Non a caso l’incipit del libro apre con la seguente frase di Pericle:”Riteniamo che il segreto della felicità sia la libertà, e il segreto della libertà il coraggio”.
E il coraggio certo non le manca.
Nel maggio 2010 ha rassegnato le dimissioni dal TG1 perché in disaccordo con la linea editoriale della nuova direzione. Gesto di grande eco, balzato alla ribalta della cronaca per avere dato visibilità ad un disagio diffuso nel mondo giornalistico insofferente di essere relegato al ruolo di replicante terminale di linee editoriali appecorate al dictat governativo.
Maria Luisa getta il cuore e la mente del giornalismo oltre il nero di seppia di una stampa oscurantista e mistificatrice dei fatti, ribadendo la doppia sostanza del giornalismo: dare voce a chi non ce l’ha ,a chi non ha visibilità mediatica e rendere servizio pieno alla verità del fatto.
“Il giornalismo- secondo una dichiarazione dell’Usigrai, – è il cane da guardia della democrazia e non del potere.”
Fa eco Michele Serra:”Per un giornalista manomettere la verità è un crimine, tale e quale per un fornaio sputare nel pane che vende.
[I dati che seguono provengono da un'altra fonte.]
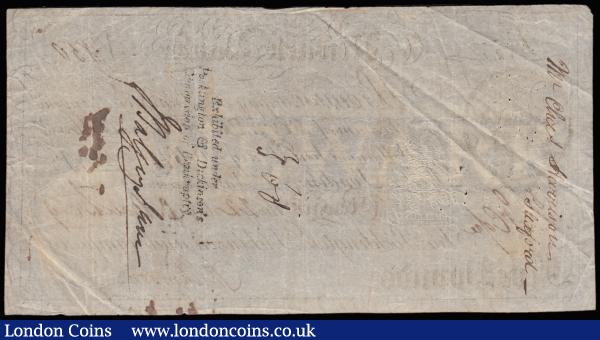 Newark Bank 5 Pounds last year dated 22nd March 1809 before failure No. 850 For Pocklington, Dickinson & Co. manuscript signed Wm. Dickinson (Outing 1488k; Grant 1998C), presentable Fine some pinholes  : English Banknotes : Auction 185 : Lot 433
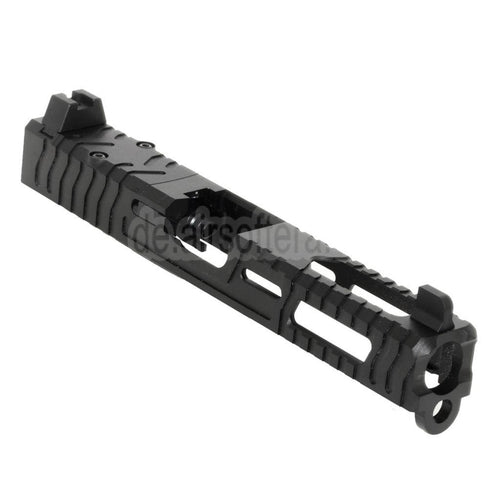 5KU CNC Aluminum 9INE RMR Ready Laufschlittensatz Geeignet für WE Tokyo Marui G17 Gen3 Serie GBB Pistolen Airsoft Schwarz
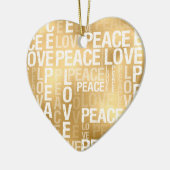 Glam Gold Peace Love Keramisch Ornament (Links)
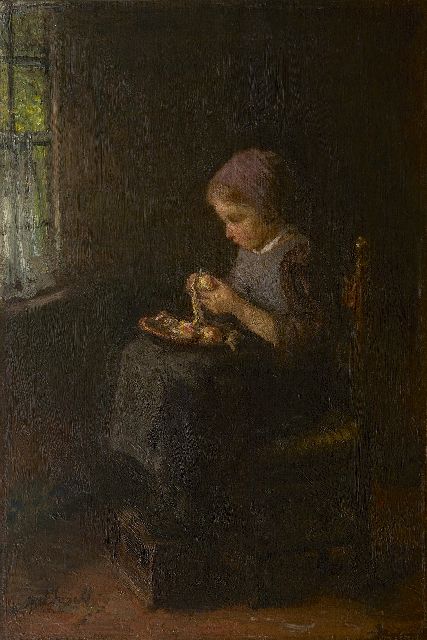 Israëls J.  | Peeling potatoes, oil on canvas 61.3 x 41.5 cm, signed l.l.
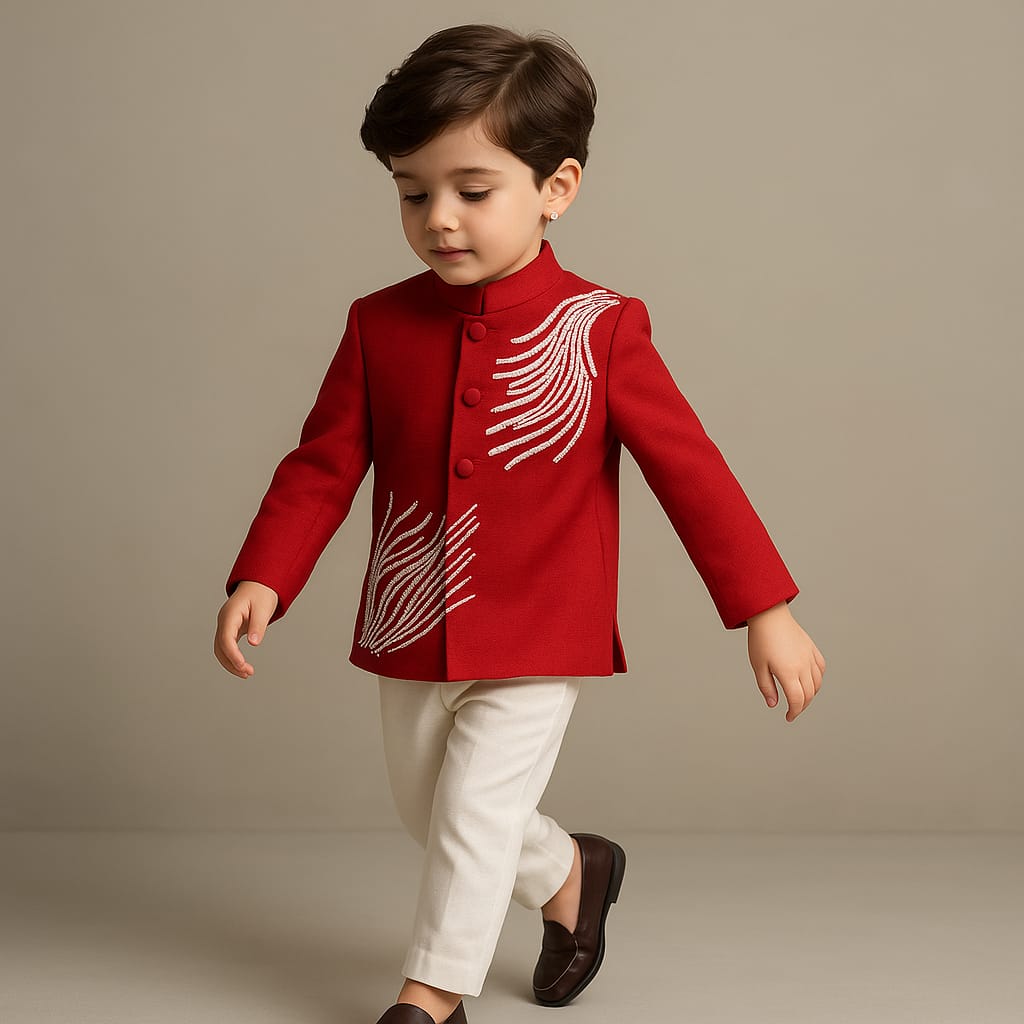 Pre Order: Stunning Red Embroidered Sherwani With Pants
Qui non si tratta di opinioni, di interpretazioni,di passione politica , è proprio una frode , una lurida frode”.
Una vera e propria crociata del vero è quella che percorre da cima a fondo l’inchiesta della Busi quasi a voler ribadire che lo strumento chiave della stampa è quello delle inchieste che devono tornare ad avere spazio all’interno delle edizioni principali dei telegiornali senza tabù e senza timore di entrare in rotta di collisione con interessi e convenienze politiche.
E’ da qui che l’autrice fa partire la sua campagna di denudamento dell’infotainment ( l’informazione retrocessa a intrattenimento, a copertina patinata)
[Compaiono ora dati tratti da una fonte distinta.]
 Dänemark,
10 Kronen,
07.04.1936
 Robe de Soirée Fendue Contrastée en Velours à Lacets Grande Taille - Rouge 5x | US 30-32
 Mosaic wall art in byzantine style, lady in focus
Dallo scenariodel terremoto aquilano, al popolo degli invisibili, ai casi di scuola,al sogno spezzato del nord-est, al dramma dell’immigrazione, alla condizione femminile, per chiudere con il TG1 me(i)nzo(li)niero: queste le stazioni della sua incursione sull’Italia vilipesa, stagliate sullo sfondo dell’assoggettamento dell’informazione alla politica.
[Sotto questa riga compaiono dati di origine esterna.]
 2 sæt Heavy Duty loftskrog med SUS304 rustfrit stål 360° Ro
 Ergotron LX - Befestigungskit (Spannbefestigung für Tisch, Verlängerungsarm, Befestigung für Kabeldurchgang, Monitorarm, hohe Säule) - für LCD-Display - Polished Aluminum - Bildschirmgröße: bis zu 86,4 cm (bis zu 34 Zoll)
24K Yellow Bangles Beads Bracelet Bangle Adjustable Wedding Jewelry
“Il salto di qualità”richiesto dal “Grande Gioco”, che ha nel TG1 una delle sue pedine principali, è il passaggio dal controllo dell’informazione alla sua trasformazione in propaganda”.Così la Busi nel capitolo in cui smonta pezzo a pezzo il baldacchino mediatico costruito intorno al “miracolo”della assegnazione edilizia ai terremotati dell’Aquila .
Subito inciampiamo nella prima grande bufala:
la realizzazione delle cosiddette case di Berlusconi a L’Aquila.
I terremotati in totale sono stati 70mila più 28mila studenti.Le persone in qualche modo assistite in Abruzzo ammontano a 56.298. Di queste solo 14.349 hanno avuto una “casa di Berlusconi”, poco più di un quarto del totale degli assistiti, un quinto dei terremotati.
E i rimanenti 40mila del miracolo aquilano? Stanno ancora aspettando, taluni ospitati da parenti, talaltri in sistemazioni provvisorie, moltissimi spiaggiati in alberghi della costa.
Morale sonante della favola: bruciate risorse per 1miliardo e 200 milioni di euro.( di cui 65 milioni a fondo perduto per gli albergati solo nel primo anno)
Conosco l’obiezione. Spese necessarie. Passabile,se non fosse per il costo esorbitante di 2428 euro al metro quadro per ciascuna casetta in muratura e 1000 per quelladi legno, l’equivalente quest’ultima del costo di costruzione di un normale appartamento.
Con i soldi spesi per il piano C.A.S.E pervicacemente voluto da Berlusconi, si potevano costruire almeno 10 mila abitazioni invece di 4449, risanare gli edifici ancora agibili, iniziare la ricostruzione delle aree danneggiate.
E l’informazione che dovrebbe riferire sui dati post terremoto? Perché non si fa alcun cenno al fatto che a tuttoggi non c’è nessuno strumento operativo che interviene a favore delle attività produttive preesistenti al 6 aprile 2009?
Il sindaco Cialente aveva invitato i giornalisti a visitare con lui il centro storico per riportare all’attenzione dell’opinione pubblica le verità su L’Aquila.
Molti sono andati e alcuni ne hanno scritto.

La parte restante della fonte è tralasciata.